Three years ago, I made a real-time map of Rutgers buses as a side project. It was a messy PHP script which grabbed data from the NextBus API, and displayed it on a Leaflet map. That map worked nicely, but the code was an embarrassment. I decided to try again, and re-wrote it.
There's an instance for Rutgers buses at rutge.rs, but this version actually supports all Nextbus-tracked bus agencies. Just set a config parameter!
The goal was to take data from the NextBus API Feed, store it in a database, and display it on a map. I wanted the database cache for two reasons:
- I can record historic data for future data science projects.
- The NextBus data has tons of quirks. Normalizing it server-side and storing the result allows for multiple front-ends (a mobile app?) without re-writing the normalization code each time.
Being familiar with SQLAlchemy, I was excited to try it out on a clean-slate project. I used Flask because it provides URL routing, templating, and a slew of other features without getting in my way.
Celery is used here to sync new data from NextBus on a schedule. It kicks off a data update job every few seconds for vehicle locations and predictions, and once a day for route and stop information.
Some data has to be fetched with large batches of requests.
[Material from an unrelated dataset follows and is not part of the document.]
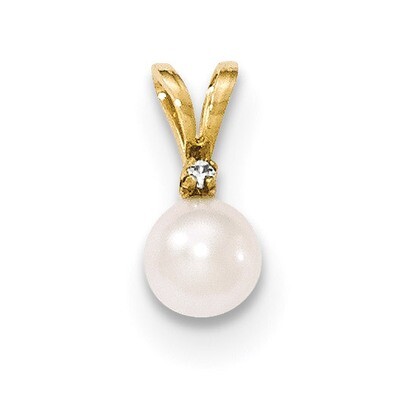 6-7mm Round White Saltwater Akoya Cultured Pearl Diamond Pendant 14k Gold XF473, MPN: XF473, 883957…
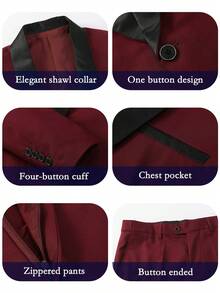 4 PCS Men Suit Tuxedo Vest Pants Bow Shawl Collar One Button For Wedding Banquet Prom Chic Elegant Men Attire - 酒紅色 - 查看 3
These are done asynchronously (using requests-futures).
- app.py uses Flask to serve the user-facing webpage with the map, as well as the AJAX endpoint providing real-time data.
- celerytasks.py is where the Celery tasks are called from - these use the NextBus logic to populate the database.
- In addition to these, manage.py has a few functions which can be used from the command line to initially populate the database, watch the Nextbus API quota usage, and more.
I have a few things I'd like to add to PyBusMap, such as routing (building the quickest route to a destination and providing directions).